Exercise instructions: Repeat every entry exactly as it stands. Omit the images.

(Image-caption web data)
*** Block opens ***

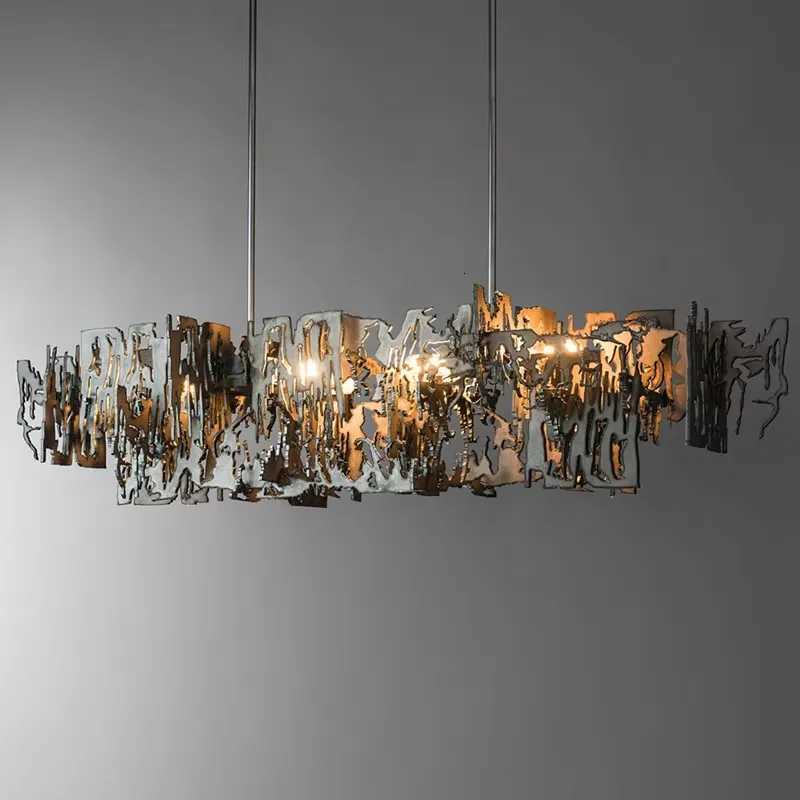 Postmodern Retro Metal Fragment Art Ceiling Chandelier Showroom Kitchen Island Hanging Lights Dining Room Home Decor LightingXJ250725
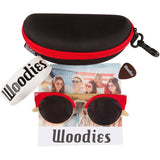 RED CAT EYE BAMBOO WOOD SUNGLASSES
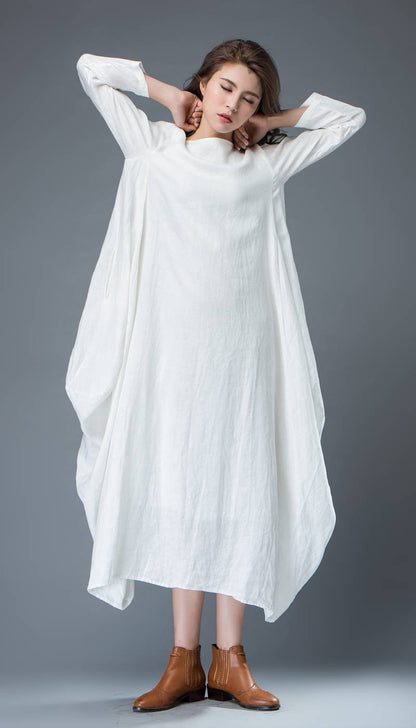 White dress, linen dress, long linen dress, maxi dress, casual dress, loose linen dress, long sleeves dress, oversized dress C821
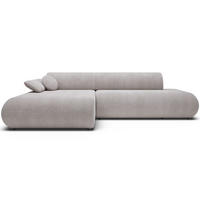 ECKSOFA Armone Hellgrau Chenille - Hellgrau/Schwarz, Kunststoff/Textil (286/173.5cm) - Selsey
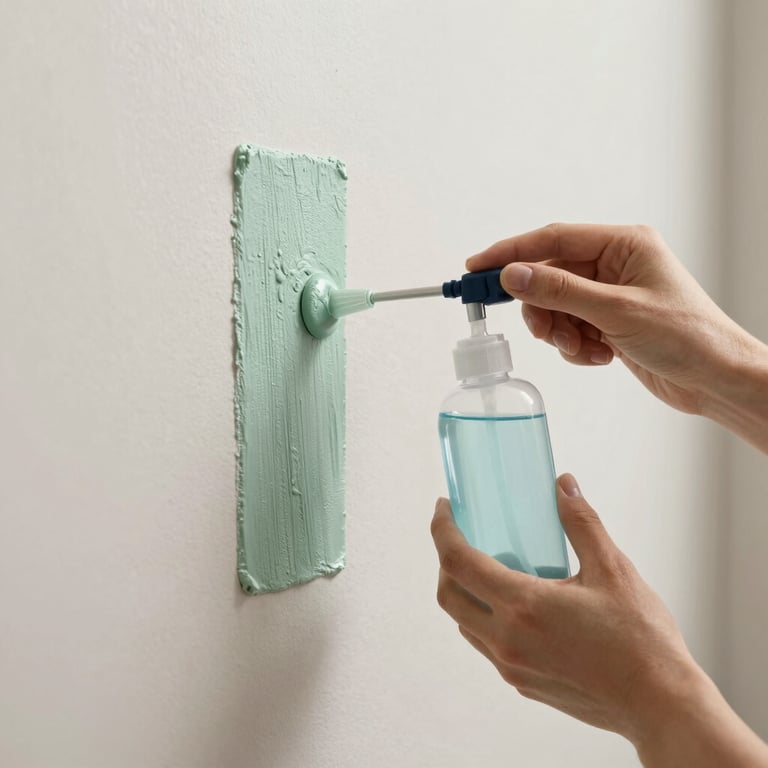 Eco-friendly antimicrobial solution being applied to a wall surface by a professional.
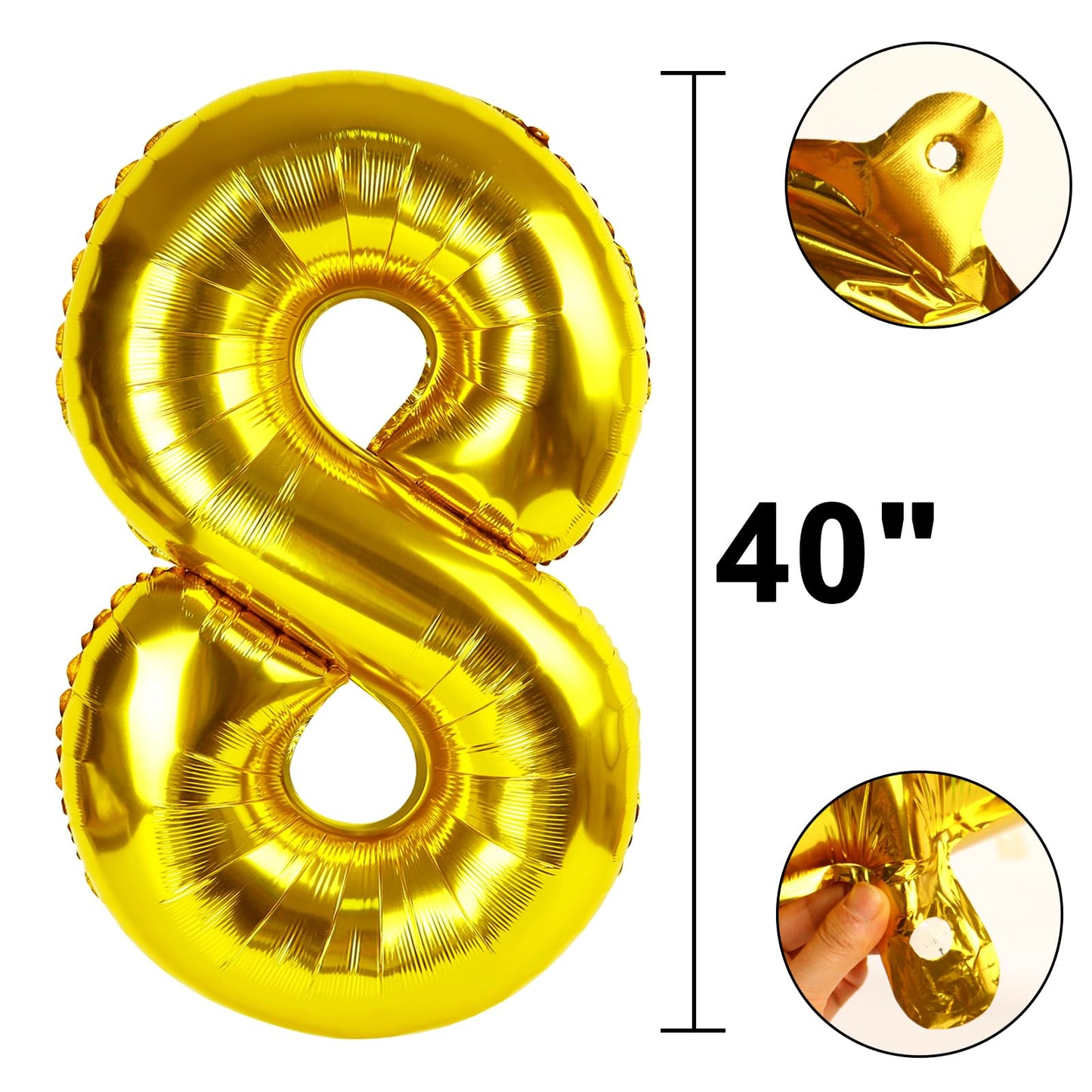 Kelfuoya 40-Inch Giant Gold Foil Number 8 Balloon – 8th, 18th, 28th Birthday & Anniversary Decor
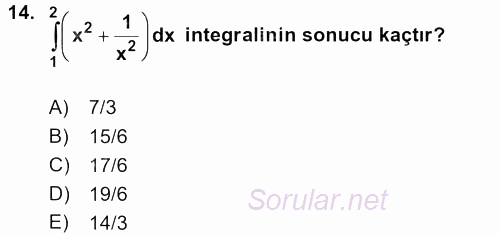 Genel Matematik 2016 - 2017 3 Ders Sınavı 14.Soru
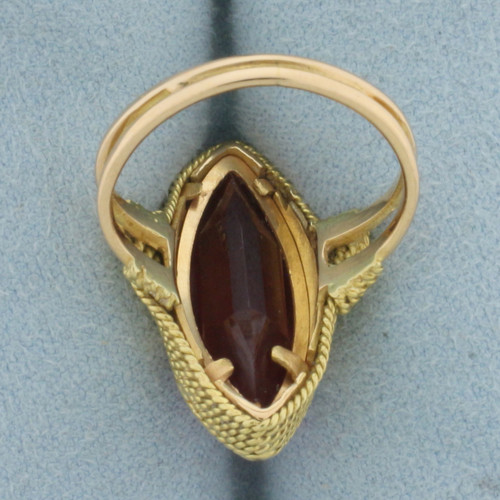 Vintage Lab Ruby Navette Ring in 18k Yellow Gold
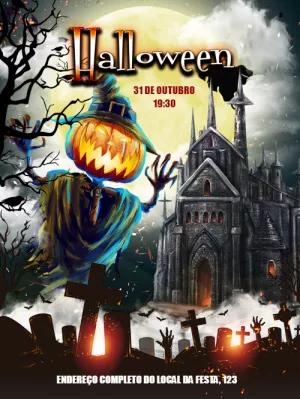Convite de Halloween Assustador com Abóbora para Editar Online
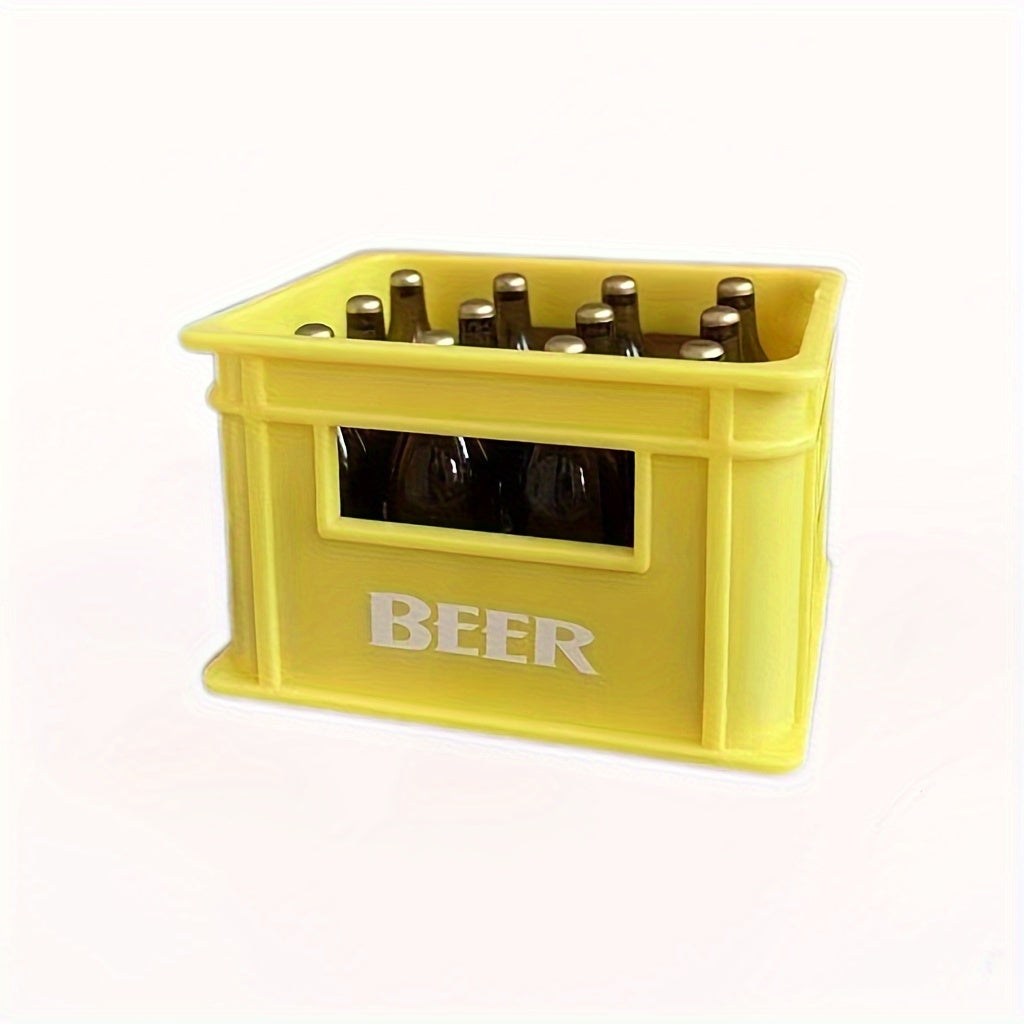 Beer basket bottle opener with magnetic attachment for refrigerators, ideal for home bars and parties.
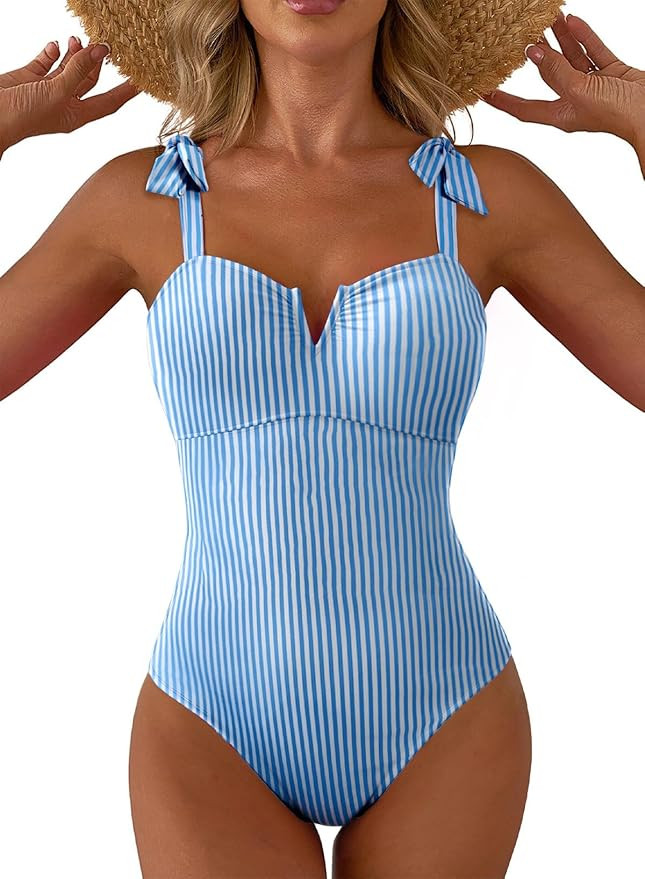 Aleumdr Women's One Piece Swimsuits Tummy Control Bathing Suits V Neck Boho Tie Shoulder Ruched F... | Amazon (US)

*** Block closes ***

Exercise solution:
 Postmodern Retro Metal Fragment Art Ceiling Chandelier Showroom Kitchen Island Hanging Lights Dining Room Home Decor LightingXJ250725
 RED CAT EYE BAMBOO WOOD SUNGLASSES
 White dress, linen dress, long linen dress, maxi dress, casual dress, loose linen dress, long sleeves dress, oversized dress C821
 ECKSOFA Armone Hellgrau Chenille - Hellgrau/Schwarz, Kunststoff/Textil (286/173.5cm) - Selsey
 Eco-friendly antimicrobial solution being applied to a wall surface by a professional.
 Kelfuoya 40-Inch Giant Gold Foil Number 8 Balloon – 8th, 18th, 28th Birthday & Anniversary Decor
 Genel Matematik 2016 - 2017 3 Ders Sınavı 14.Soru
 Vintage Lab Ruby Navette Ring in 18k Yellow Gold
Convite de Halloween Assustador com Abóbora para Editar Online
 Beer basket bottle opener with magnetic attachment for refrigerators, ideal for home bars and parties.
 Aleumdr Women's One Piece Swimsuits Tummy Control Bathing Suits V Neck Boho Tie Shoulder Ruched F... | Amazon (US)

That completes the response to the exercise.